Integrated epidemiological, pharmacologic, omic and genetic profiles in Mexicans
2025/45
BACKGROUND
Genetic, metabolomic and proteomic profiles are associated with the risk of many diseases, but are also altered by medication use, lifestyle or disease itself. European studies have reported that metabolic factors and medications alter the human metabolome independent of genetic predisposition to disease.
The aim of this project is to assess the metabolic and physiologic impact of pharmacological regimens in a Mexican population, and to map-out unexplored drug-metabolite associations, enhance understanding of on- and off-target effects of common medications and, ultimately, provide a Latino-American resource for experimental pharmaceutical research and clinical trials to inform drug usage and repurposing.
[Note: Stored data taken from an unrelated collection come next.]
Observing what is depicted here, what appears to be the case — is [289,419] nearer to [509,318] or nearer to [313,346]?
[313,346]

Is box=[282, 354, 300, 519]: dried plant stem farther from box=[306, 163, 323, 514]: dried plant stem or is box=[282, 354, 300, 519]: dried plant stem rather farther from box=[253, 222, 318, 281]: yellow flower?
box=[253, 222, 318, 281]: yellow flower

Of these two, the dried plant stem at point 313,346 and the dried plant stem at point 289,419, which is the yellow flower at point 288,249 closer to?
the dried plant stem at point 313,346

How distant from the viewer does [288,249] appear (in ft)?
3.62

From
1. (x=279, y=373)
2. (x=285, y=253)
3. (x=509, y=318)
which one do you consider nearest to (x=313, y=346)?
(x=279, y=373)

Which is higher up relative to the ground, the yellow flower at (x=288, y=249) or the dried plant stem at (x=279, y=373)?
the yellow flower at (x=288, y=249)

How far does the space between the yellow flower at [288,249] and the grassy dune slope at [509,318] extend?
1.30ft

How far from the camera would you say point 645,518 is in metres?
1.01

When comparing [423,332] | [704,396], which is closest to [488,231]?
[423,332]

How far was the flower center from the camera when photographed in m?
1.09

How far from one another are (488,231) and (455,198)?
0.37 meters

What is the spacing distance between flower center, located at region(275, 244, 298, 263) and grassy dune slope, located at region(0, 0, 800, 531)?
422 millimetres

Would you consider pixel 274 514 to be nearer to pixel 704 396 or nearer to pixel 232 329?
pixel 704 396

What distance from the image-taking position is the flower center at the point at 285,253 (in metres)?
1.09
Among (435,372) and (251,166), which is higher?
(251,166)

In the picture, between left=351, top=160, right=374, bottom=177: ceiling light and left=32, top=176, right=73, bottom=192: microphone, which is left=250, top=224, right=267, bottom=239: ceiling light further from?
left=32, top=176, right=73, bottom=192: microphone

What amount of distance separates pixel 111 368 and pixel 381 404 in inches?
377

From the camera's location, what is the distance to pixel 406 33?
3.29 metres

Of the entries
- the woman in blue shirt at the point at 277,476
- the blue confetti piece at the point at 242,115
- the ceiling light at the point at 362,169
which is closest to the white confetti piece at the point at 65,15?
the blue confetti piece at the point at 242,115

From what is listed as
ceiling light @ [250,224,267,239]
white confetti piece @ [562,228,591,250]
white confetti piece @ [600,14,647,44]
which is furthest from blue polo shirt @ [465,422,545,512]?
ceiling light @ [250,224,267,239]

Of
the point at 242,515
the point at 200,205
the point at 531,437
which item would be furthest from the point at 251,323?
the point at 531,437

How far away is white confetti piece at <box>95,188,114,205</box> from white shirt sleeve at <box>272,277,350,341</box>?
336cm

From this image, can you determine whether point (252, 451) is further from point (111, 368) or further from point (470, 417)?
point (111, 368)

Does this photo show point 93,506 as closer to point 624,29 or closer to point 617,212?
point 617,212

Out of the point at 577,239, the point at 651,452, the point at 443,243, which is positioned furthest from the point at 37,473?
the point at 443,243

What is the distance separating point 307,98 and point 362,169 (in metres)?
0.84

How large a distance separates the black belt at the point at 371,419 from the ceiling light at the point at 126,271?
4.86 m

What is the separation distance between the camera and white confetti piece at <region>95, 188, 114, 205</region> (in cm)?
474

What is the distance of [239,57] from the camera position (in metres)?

The Mexico City Prospective Study (MCPS) is a prospective cohort study of 150,000 participants with socio-demographic and lifestyle characteristics, medication and disease history, biological characteristics (including genetics and NMR-metabolomics) and 20 years of follow-up for cause-specific mortality.
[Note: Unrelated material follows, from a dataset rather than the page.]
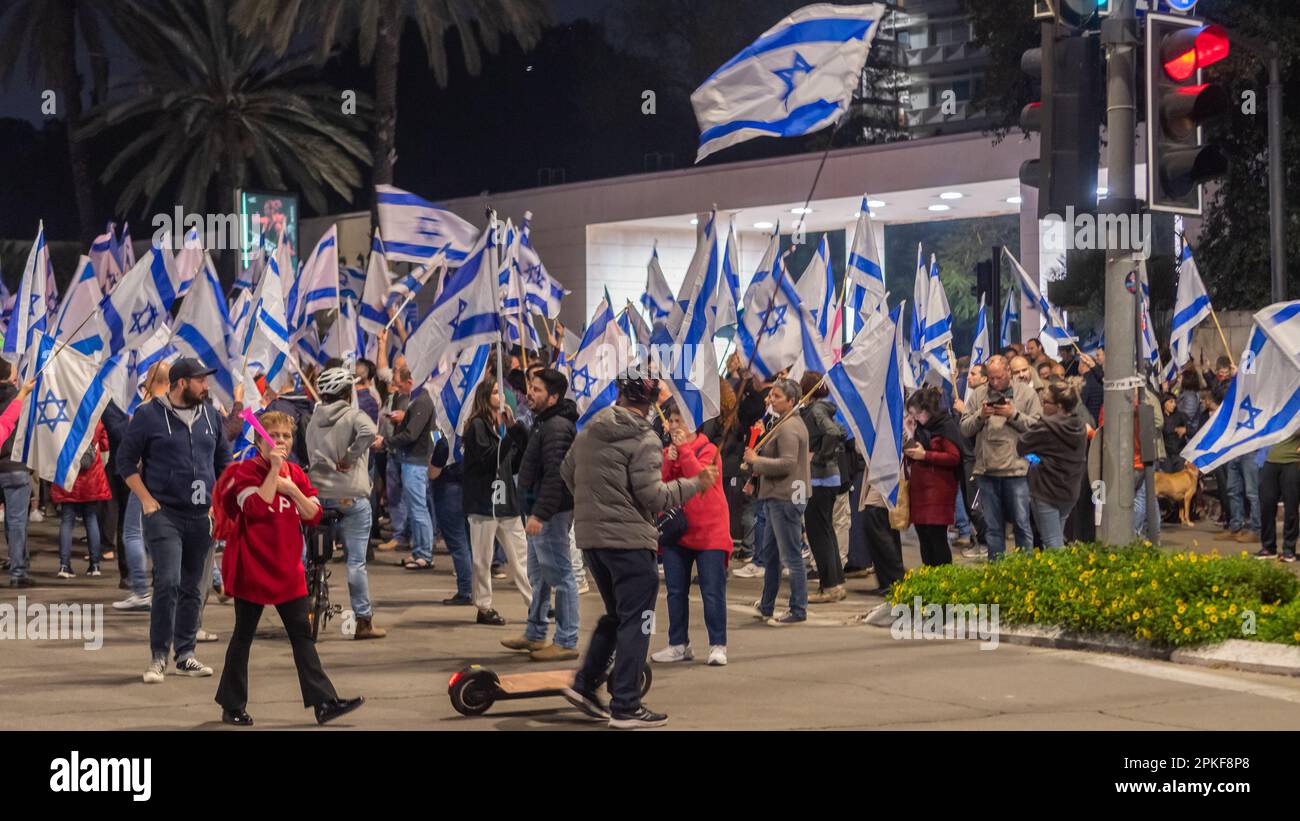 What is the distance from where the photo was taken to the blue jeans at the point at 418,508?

The specific aims will be tailored to the applicant’s interests but could include:
- characterising overall drug-metabolomic and disease-metabolomic associations among those taking individual or combined pharamacological regimens (eg, statins, anti-diabetic, cardio-protective, reno-protective, chemo, anti-depressant, anti-inflammatory, hormonal therapies).
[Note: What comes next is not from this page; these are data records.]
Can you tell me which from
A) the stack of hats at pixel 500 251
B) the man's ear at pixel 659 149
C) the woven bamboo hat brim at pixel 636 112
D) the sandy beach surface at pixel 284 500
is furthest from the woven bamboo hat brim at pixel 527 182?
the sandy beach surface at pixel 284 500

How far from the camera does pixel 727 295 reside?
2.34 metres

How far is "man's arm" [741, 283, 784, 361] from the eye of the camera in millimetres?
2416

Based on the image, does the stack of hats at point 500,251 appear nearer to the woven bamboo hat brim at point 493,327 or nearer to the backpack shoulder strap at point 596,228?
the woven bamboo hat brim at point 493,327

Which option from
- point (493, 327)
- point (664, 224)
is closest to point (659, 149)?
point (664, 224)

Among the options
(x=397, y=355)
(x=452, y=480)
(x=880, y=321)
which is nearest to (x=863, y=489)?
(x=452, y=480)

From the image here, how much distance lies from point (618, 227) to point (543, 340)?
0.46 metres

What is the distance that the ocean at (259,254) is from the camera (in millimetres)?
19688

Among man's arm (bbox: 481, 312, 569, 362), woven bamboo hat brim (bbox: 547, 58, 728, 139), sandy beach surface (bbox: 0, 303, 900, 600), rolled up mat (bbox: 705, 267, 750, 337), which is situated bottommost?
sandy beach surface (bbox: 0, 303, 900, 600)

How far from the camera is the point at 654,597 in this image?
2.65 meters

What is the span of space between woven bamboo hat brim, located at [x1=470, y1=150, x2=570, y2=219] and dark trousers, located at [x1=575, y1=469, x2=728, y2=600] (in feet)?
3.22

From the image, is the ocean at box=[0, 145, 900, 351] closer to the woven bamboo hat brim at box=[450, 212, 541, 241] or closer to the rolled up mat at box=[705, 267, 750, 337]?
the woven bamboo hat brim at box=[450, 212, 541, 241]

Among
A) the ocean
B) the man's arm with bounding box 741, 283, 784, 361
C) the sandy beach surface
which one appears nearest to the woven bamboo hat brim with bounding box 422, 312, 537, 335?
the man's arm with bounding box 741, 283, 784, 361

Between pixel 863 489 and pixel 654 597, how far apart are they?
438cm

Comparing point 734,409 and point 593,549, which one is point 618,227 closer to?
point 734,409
- assessing if drug-metabolite profiles (above) are independent of disease-metabolite associations. Using disease-specific polygenic risk scores (PRSs) for vascular, renal, diabetic, respiratory, and neoplastic causes, Mendelian Randomisation analyses can further assess if genetic-predisposition to specific diseases influences specific drug-omic-profiles.
- assessing the potential confounding effect of BMI, smoking or physical exercise on the drug-metabolite associations above.
RESEARCH EXPERIENCE, RESEARCH METHODS AND TRAINING
The student will work in a multi-disciplinary team and will gain experience in genetic epidemiology and analysis of large prospective data. They will develop skills in study design for causal inference in a general population context, statistical programming and data analysis. The student will be supported to publish their results and present at conferences.
FIELD WORK, SECONDMENTS, INDUSTRY PLACEMENTS AND TRAINING
The project will be based within the MCPS group at the Big Data Institute, a world-class community for population health research. In-house training in statistical and epidemiological methods, programming, and scientific writing will be provided. Participation to departmental workshops and lectures is expected.
PROSPECTIVE STUDENT
The ideal candidate will have a good first degree and MSc in pharmacology, statistics, epidemiology, genetics, biomedical sciences or a related subject, and proficiency with programing analyses using different software.